[Information given]

#####

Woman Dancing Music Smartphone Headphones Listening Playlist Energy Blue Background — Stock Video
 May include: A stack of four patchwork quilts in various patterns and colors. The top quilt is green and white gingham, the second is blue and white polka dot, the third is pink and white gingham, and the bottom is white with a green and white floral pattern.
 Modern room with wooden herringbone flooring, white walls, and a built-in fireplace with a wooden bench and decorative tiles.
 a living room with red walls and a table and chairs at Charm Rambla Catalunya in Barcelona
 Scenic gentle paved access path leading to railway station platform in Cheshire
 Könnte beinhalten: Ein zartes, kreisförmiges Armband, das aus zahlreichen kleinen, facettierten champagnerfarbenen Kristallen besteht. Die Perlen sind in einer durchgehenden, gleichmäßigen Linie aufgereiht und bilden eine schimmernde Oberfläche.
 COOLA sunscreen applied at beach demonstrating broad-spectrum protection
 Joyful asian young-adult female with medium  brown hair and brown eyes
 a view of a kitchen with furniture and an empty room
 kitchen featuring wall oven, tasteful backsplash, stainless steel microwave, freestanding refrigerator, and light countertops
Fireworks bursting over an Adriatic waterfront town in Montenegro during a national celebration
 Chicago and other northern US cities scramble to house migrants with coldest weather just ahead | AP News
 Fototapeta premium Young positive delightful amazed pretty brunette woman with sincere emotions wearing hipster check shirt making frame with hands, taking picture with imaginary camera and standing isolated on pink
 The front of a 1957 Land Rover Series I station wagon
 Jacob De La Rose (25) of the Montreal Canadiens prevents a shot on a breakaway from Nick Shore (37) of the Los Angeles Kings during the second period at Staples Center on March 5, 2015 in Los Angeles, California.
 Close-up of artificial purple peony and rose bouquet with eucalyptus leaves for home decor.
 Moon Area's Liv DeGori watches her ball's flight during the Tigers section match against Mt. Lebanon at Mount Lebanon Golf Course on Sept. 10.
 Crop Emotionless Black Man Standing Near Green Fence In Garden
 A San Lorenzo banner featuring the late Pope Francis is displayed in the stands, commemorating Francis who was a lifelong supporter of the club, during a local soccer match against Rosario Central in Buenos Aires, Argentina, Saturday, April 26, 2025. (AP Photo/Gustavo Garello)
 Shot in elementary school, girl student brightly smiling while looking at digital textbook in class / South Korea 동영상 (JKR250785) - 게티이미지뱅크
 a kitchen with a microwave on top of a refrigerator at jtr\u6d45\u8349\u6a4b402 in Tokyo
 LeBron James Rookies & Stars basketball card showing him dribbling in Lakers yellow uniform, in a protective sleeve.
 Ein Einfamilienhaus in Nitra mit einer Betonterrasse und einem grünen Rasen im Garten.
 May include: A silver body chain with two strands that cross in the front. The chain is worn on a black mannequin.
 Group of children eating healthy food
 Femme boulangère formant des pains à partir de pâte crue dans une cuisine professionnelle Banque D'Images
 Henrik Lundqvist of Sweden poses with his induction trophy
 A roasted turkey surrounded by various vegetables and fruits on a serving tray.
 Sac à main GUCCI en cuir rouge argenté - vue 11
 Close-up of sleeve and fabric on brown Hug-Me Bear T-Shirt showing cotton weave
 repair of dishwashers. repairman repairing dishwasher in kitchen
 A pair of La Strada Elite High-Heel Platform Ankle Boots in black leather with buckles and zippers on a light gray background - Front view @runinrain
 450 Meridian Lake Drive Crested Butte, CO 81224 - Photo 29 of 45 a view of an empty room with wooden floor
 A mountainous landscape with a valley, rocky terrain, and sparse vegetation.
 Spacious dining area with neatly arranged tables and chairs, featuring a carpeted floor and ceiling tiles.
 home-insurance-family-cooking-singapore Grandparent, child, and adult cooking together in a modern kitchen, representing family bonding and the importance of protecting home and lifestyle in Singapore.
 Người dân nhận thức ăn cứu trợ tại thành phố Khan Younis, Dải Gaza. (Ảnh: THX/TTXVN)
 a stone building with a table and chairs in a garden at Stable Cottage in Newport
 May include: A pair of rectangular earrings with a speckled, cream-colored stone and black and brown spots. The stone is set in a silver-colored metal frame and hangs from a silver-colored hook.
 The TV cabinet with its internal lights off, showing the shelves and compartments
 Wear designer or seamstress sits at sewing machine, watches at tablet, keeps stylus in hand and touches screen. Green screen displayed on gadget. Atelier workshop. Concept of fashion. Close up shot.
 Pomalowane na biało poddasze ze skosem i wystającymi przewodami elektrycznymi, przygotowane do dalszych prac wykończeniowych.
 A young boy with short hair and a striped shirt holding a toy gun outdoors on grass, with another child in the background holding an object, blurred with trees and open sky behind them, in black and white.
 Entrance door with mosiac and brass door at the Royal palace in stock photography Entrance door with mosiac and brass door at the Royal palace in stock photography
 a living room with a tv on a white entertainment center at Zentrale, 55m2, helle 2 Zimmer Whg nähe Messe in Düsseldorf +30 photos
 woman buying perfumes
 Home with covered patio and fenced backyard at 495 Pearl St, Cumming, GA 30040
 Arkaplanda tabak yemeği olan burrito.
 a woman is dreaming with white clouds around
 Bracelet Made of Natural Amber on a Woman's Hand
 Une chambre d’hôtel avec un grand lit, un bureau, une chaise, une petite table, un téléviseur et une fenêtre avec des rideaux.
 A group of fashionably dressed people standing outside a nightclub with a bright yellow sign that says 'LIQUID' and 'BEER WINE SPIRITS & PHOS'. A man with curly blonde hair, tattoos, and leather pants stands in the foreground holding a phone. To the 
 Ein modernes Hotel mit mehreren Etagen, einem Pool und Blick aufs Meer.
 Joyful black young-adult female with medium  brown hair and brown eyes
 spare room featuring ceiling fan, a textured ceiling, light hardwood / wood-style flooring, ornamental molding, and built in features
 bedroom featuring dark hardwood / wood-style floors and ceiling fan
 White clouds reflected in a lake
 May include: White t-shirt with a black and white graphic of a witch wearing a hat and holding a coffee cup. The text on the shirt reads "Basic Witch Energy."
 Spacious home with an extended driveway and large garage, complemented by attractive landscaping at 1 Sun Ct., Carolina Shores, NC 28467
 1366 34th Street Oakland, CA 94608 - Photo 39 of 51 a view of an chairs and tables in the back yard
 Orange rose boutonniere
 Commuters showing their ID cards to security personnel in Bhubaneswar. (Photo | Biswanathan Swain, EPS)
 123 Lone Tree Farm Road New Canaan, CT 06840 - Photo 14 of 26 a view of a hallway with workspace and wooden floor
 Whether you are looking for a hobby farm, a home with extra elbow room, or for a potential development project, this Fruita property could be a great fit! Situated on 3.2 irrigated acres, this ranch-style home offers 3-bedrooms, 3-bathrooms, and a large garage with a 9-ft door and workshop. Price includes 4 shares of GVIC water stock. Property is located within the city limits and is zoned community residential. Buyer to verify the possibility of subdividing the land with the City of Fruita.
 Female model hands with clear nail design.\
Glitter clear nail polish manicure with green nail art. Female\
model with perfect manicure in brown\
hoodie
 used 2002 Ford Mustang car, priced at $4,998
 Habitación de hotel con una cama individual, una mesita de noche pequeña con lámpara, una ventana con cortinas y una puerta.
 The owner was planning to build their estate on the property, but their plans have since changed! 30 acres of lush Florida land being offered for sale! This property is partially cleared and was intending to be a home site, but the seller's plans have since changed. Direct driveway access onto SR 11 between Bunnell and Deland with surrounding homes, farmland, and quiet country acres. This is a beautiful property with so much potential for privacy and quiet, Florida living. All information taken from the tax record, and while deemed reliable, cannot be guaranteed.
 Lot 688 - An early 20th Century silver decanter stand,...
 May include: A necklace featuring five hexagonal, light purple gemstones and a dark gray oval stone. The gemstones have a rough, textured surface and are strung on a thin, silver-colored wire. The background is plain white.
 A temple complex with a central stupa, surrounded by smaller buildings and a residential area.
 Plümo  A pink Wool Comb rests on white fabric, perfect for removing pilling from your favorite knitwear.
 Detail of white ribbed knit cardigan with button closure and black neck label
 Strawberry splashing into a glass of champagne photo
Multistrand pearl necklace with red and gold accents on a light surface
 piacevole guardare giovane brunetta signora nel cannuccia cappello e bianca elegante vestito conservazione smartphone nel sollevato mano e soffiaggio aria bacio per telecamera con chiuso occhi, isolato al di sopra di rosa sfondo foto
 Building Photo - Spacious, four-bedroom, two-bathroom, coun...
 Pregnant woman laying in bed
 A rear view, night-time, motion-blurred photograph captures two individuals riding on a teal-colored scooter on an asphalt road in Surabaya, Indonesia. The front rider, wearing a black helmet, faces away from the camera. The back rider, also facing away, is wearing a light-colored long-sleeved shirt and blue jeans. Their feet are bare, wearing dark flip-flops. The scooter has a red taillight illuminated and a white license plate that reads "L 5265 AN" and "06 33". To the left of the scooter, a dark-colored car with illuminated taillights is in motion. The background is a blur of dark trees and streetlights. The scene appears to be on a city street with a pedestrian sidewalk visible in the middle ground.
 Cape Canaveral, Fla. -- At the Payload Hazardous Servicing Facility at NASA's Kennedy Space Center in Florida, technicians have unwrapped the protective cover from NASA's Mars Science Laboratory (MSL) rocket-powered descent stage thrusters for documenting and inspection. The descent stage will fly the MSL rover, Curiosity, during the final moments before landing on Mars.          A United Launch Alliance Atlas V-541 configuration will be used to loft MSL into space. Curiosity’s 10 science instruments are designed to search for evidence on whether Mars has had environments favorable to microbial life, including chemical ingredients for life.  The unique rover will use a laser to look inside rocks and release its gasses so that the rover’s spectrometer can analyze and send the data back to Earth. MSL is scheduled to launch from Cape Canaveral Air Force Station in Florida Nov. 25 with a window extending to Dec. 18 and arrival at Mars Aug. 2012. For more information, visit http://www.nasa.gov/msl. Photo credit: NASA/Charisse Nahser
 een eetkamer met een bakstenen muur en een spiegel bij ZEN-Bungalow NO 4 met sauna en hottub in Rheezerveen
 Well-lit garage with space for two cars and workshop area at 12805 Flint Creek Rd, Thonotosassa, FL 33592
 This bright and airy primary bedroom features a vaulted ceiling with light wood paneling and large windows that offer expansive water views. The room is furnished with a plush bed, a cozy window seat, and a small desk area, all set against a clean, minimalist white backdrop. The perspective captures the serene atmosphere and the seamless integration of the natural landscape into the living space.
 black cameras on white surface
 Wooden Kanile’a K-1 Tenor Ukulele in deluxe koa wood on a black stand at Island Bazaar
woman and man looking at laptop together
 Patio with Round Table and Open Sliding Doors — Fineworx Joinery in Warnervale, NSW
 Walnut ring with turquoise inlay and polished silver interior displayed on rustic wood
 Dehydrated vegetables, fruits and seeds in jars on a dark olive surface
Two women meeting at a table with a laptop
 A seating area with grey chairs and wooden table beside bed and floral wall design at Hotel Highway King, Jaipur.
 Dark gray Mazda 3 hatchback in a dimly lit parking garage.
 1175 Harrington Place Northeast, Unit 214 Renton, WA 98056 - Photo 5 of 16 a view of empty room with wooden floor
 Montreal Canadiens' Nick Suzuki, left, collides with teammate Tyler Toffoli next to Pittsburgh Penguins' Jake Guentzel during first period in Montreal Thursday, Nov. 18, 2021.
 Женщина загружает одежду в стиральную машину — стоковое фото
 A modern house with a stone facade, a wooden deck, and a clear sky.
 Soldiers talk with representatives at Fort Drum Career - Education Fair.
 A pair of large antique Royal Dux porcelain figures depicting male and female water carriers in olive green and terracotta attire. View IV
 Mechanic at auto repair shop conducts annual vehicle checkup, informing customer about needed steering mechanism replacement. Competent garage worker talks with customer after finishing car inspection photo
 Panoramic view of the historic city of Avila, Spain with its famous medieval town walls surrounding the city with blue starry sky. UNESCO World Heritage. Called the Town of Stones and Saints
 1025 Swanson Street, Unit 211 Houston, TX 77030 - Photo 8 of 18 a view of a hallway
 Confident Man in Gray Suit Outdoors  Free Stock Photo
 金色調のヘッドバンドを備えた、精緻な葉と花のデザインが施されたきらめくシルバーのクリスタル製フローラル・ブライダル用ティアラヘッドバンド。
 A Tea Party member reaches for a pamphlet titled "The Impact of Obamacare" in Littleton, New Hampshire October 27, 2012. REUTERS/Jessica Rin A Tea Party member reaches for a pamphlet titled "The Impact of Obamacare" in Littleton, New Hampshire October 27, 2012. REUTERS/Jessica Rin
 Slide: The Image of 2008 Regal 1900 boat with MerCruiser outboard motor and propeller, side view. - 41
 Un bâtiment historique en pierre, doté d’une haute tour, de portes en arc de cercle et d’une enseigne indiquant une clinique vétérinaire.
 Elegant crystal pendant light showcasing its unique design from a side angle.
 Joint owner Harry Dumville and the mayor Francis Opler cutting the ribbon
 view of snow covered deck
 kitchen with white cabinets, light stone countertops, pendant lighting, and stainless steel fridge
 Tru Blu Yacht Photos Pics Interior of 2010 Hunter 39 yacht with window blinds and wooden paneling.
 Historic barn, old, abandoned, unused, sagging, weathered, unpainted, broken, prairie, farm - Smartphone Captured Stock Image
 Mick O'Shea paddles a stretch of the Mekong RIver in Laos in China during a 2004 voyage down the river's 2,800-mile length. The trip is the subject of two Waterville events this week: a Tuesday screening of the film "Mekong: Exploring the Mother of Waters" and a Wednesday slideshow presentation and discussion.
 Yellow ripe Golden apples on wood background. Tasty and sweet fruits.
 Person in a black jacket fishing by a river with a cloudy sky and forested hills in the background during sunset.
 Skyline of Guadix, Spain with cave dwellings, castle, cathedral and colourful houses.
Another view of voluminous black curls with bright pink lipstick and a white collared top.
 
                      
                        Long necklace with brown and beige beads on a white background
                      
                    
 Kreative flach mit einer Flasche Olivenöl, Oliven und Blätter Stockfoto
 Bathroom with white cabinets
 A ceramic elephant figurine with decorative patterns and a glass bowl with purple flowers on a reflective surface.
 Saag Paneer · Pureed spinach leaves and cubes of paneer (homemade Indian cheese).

#####

[Problem statement]
What lines in the material include the string "landscape"? Pull each one out.

[Answer space]
 A mountainous landscape with a valley, rocky terrain, and sparse vegetation.
 This bright and airy primary bedroom features a vaulted ceiling with light wood paneling and large windows that offer expansive water views. The room is furnished with a plush bed, a cozy window seat, and a small desk area, all set against a clean, minimalist white backdrop. The perspective captures the serene atmosphere and the seamless integration of the natural landscape into the living space.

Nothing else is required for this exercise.